Live Review: The Maccabees - Capitol

23 May 2012 | 4:01 pm | Tom Birts

"It was a great performance from a band with a youthful sound and look, and who strut that thin line between innocence and arrogance."

Britpop's dead, but don't tell the Brits. It's Olympic year, and the marketers and publicists at Great Britain PLC are trying to sell England, Wales, Scotland and Northern Ireland to the world. It's fortunate that there are bands like The Maccabees to carry the post-Oasis, post-Bloc Party torch for Cool Britannia, touring as far as Western Australia and Perth's Capitol.
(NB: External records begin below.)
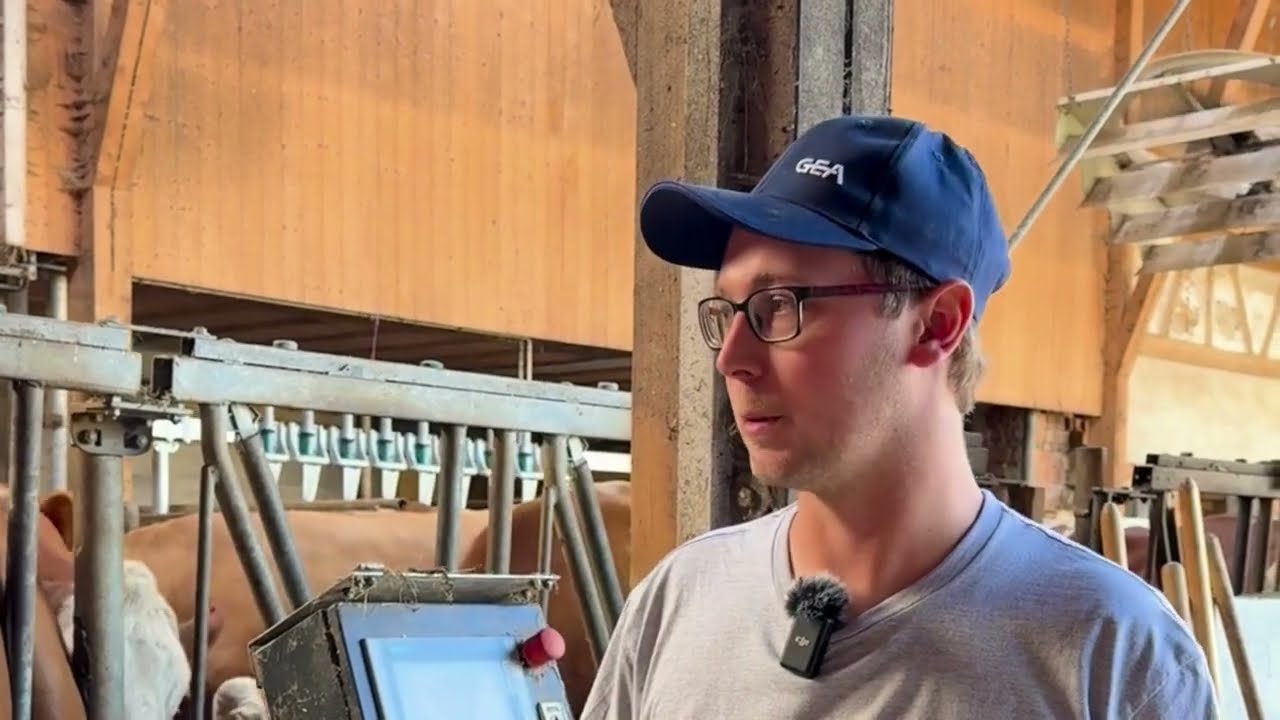 GEA Melkroboter im Praxiseinsatz | Erfahrungsbericht von Felix Madlener in Bad Waldsee 🐄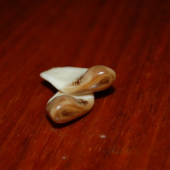 aj taketo polovnici nechcu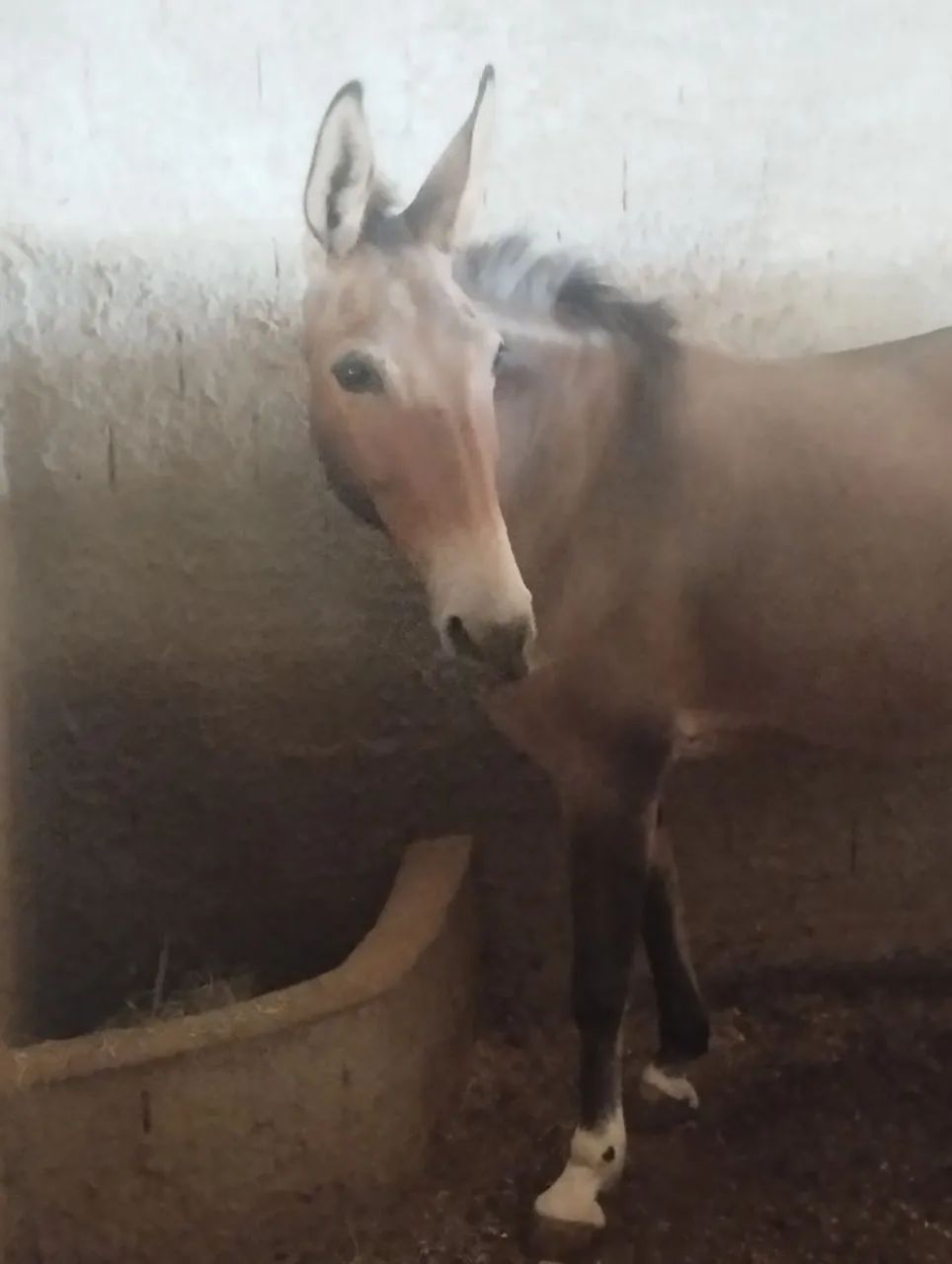 Animal  - Foto 6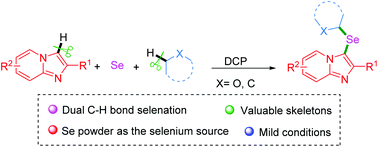 Graphical abstract: Oxidative dual C–H selenation of imidazoheterocycles with ethers or alkanes using selenium powder via a radical pathway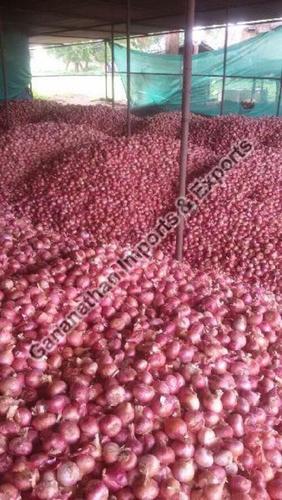 Fresh Red Onion For Cooking Preserving Compound: Cool & Dry Places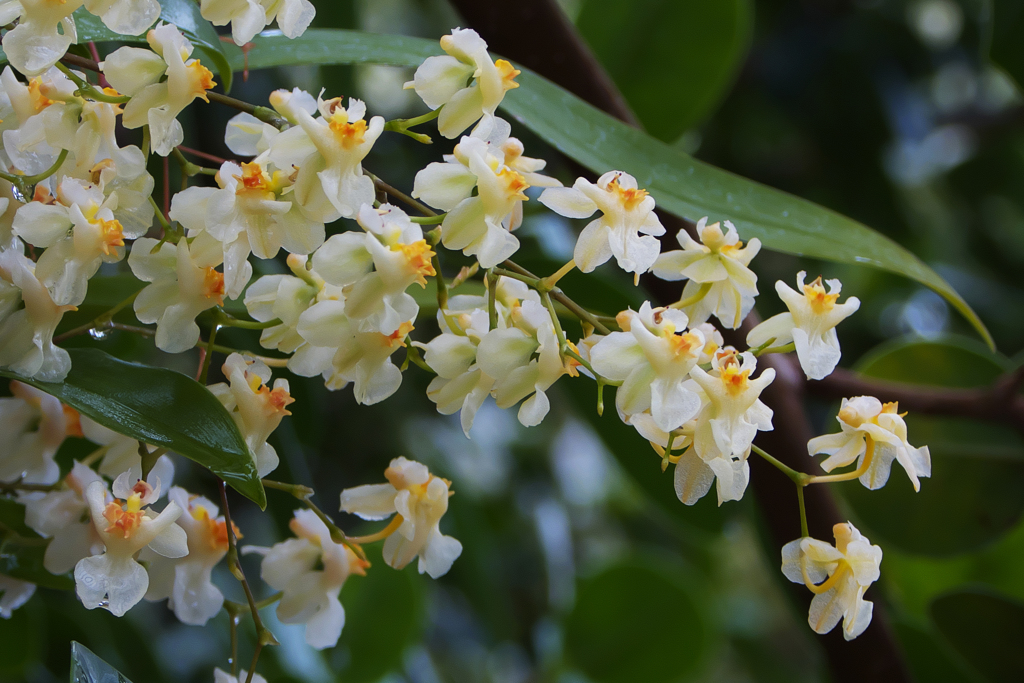 ラン・３１＿７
The Voltaire Twins began by launching synth-first into a wall of indie-electro and layered vocals, punctuated by tom-tom battles between Jaymes Brown and drummer Matt Giovannangelo (think The Blue Man Group re-imagined by Pitchfork). The band appeared at this year's SXSW festival in Austin, Texas and have supported big names over the past year, and the performance had both finesse and huge bolts of primal energy. Expect even bigger things as this year rolls on.

The Maccabees' lead singer Orlando Weeks wears his guitar high, curls his lip when he sings, and the girls go mad for him. He had the crowd from opener Child and all through a set heavy on material from this year's Given To The Wild, though the biggest cheers were saved for X-Ray and Lego from debut Colour It In. It was a great performance from a band with a youthful sound and look, and who strut that thin line between innocence and arrogance. It's a baffling myth, and some of the very worst 'Shit Perth People Say', that Perth is starved for live music. If I had a dollar for every time I'd heard someone moan “no acts ever come here”, I'd have enough to buy about six Facebook shares. Capitol sold well under the amount of tickets available for The Maccabees' Perth gig – no doubt a lot of fans would be catching them at Groovin' The Moo over the weekend but, even so, the club was criminally under capacity for two acts that deserved much more.